O dia está calmo, a paz reina nos lábios brancos e sorrisos perfeitos daqueles atores e sairemos amanhã cedinho a comprar o último lançamento daquela nova camiseta que está na moda, o último colar que aquela atriz usou ontem à noite na novela e o último lançamento de não sei mais o quê. Um novo ipod, um novo celular, uma nova TV.

Isso explicaria porque mulheres que só possuem dois pés (e é?) costumam ter ou querem comprar cem pares de sapatos. Mulheres ou centopéias?

Se por um lado há neuróticos anais que adoram guardar, retém desde suas próprias fezes no intestino) até aquelas velhas canetas (de várias marcas, é claro”), por outro há os que querem adquirir coisas porque sua autoestima não é lá tão boa e precisam se firmar socialmente exibindo roupas caras, por exemplo. Mas ainda há gente que simplesmente não consegue resistir aos apelos da mídia. E compram compulsivamente, e gastam e se desgastam.

Os propagandeiros não se cansam de dizer: ‘você não pode perder, você precisa comprar’. E nós os seguimos, como gados, sem qualquer reflexão, sem qualquer objeção, só obedecemos. Apenas atendemos ao clamor ao consumo. Vamos correndo ao mercado comprar aquilo que nem é uma necessidade minha. Aquilo que passou pelo meu desejo, estimulado por outra pessoa mais bonita, próspera, talvez mais inteligente que eu.

Eu penso que não sejamos suficientemente críticos. Agimos o tempo inteiro mais emocionalmente que racionalmente. É fato que nossas ações são muito mais inconscientes que conscientes (vejo isso todos os dias no consultório). E vamos sendo levados por todo tipo de vento, idéias, apelos. Eu não penso, não critico meu pensamento, não me pergunto: será que preciso mesmo disso ou daquilo?

Claro que esse é um tema bastante difícil. Passa pela minha emoção. Passa pelo desejo. E desejo é coisa da nossa subjetividade. Quase insondável. O que você deseja? E, parafraseando o Psicanalista Jorge Forber: “você quer o que deseja?” Quer mesmo? Porque se tenho algo em minhas mãos aquilo vai ter um custo. Todo ganho tem um custo. Todo. Exemplo: você passa no vestibular. Muito bom! Parabéns! O preço disso será perder umas horinhas de sono, se preocupar com a prova e o trabalho de amanhã. Além de muitas outras ocupações próprias de um curso superior. É bom? Claro que sim! Os ganhos também são muitos. E certamente valerá a pena.
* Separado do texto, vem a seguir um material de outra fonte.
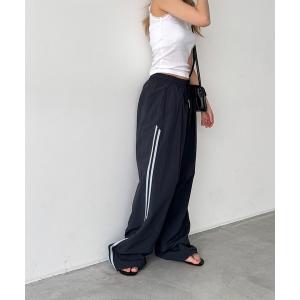 ワイドパンツ パンツ choice_cnl　ナイロンラインパンツ レディース メンズ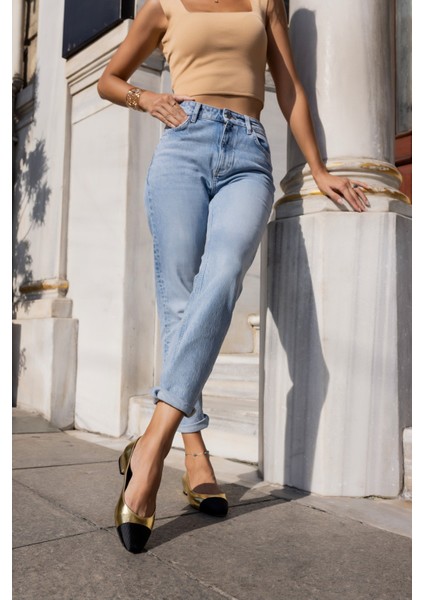 Vargas Kadin Altın Siyah Parçali Babet modelleri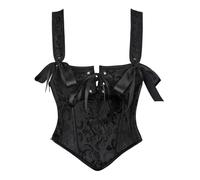 WKEZEAN Corsets Bustiers with Straps Black Jacquard Side Zipper Overbust Corset Vest Gothic Lace-up Bustier Camis(L)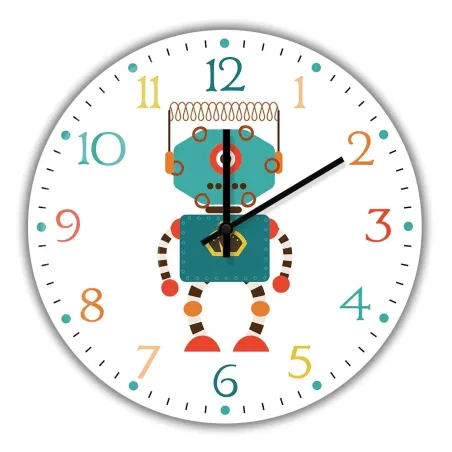 Stylische Kinder-Wanduhr - Quarz - Retro-Roboter-Design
O ponto principal que quero levar em conta é: desejo ou necessidade? Eu tenho consciência de que o que desejo é realmente algo de que necessito de fato ou é fruto de uma idéia, uma propaganda midiática, uma imposição do outro e não minha?

No consultório a gente encontra muita gente ansiosa por consumir. Consumir desde objetos, coisas, até pessoas. Usam pessoas como objetos seus. Esse paciente normalmente é acolhido, respeitado e, acima de tudo, escutado. Especialmente ele deverá se ouvir, se conhecer, se gostar até conseguir gostar genuinamente do outro. Num processo terapêutico lento, mas eficaz.
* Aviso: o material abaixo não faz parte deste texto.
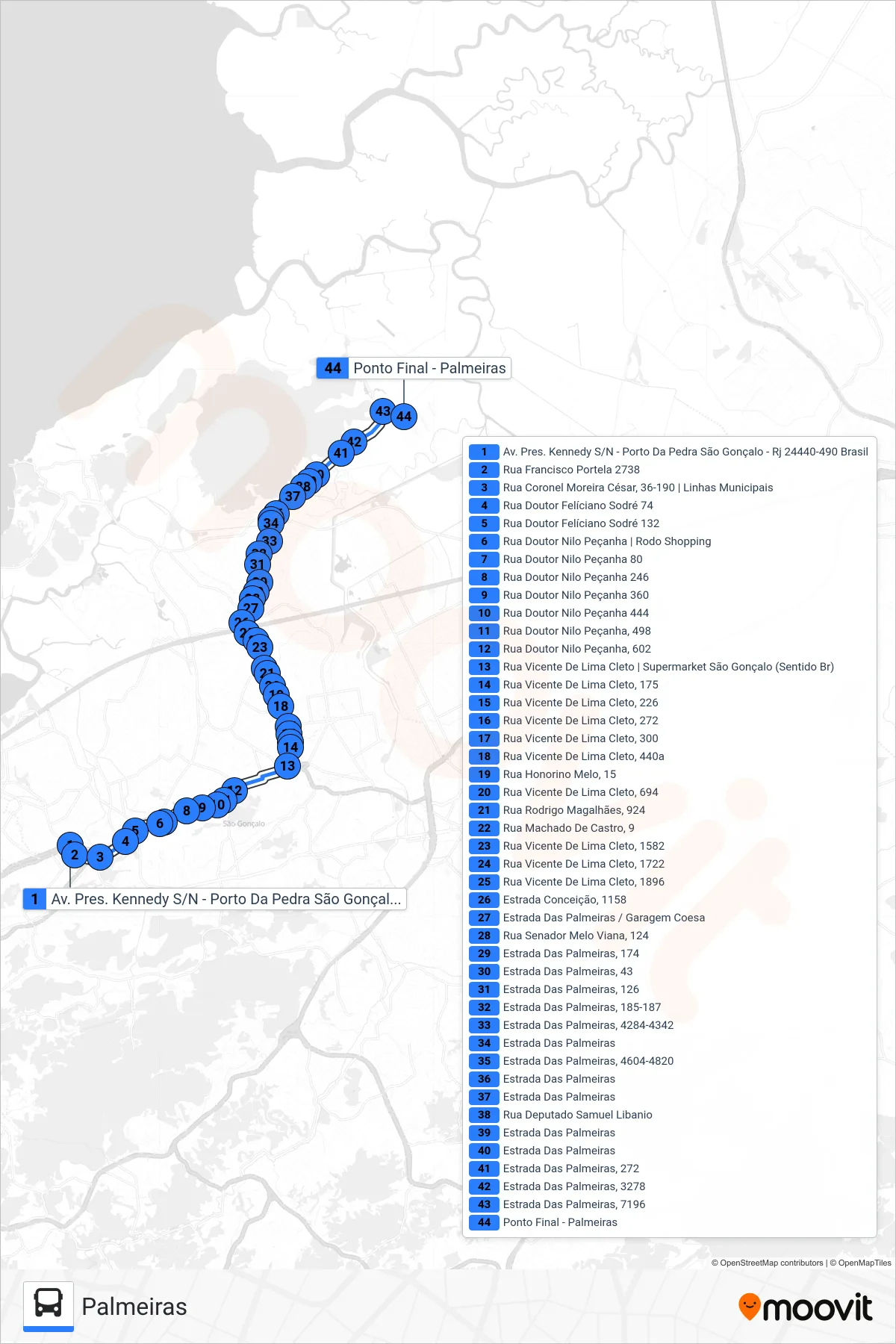 Rota e paradas da linha de ônibus 55B (Palmeiras) no mapa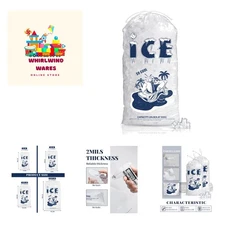 100 Pack Ice Bags 20 lb, Heavy-Duty Ice Bags with Drawstring2 Mils Thickness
Há uma distância entre ser cidadão e consumidor. Há uma distância entre saúde emocional e aqueles desejos ansiosos que a gente carrega pela vida compulsivamente até se ‘realizar’ e consumir o próximo alvo. Numa roda viva que pode gerar muito mais angústia que prazer. Quem poderá entender o ser humano?

Querer não é errado e ter utopia nos leva adiante, como se estivéssemos caminhando na direção de nossa realização pessoal. O convite fica no sentido de pensarmos sobre nossos pensamentos, criticarmos nossos desejos para, com alguma consciência, se isso é possível, agirmos e sermos mais próximos de nossa própria humanidade. Tranquilos, saciados, felizes e seguros. Sabendo dizer “Não” quando se tem que dizer não e “Sim”, quando for o momento oportuno.

Quanto a mim, em relação àqueles olhos verdes, já está decidido: será sempre “Sim”.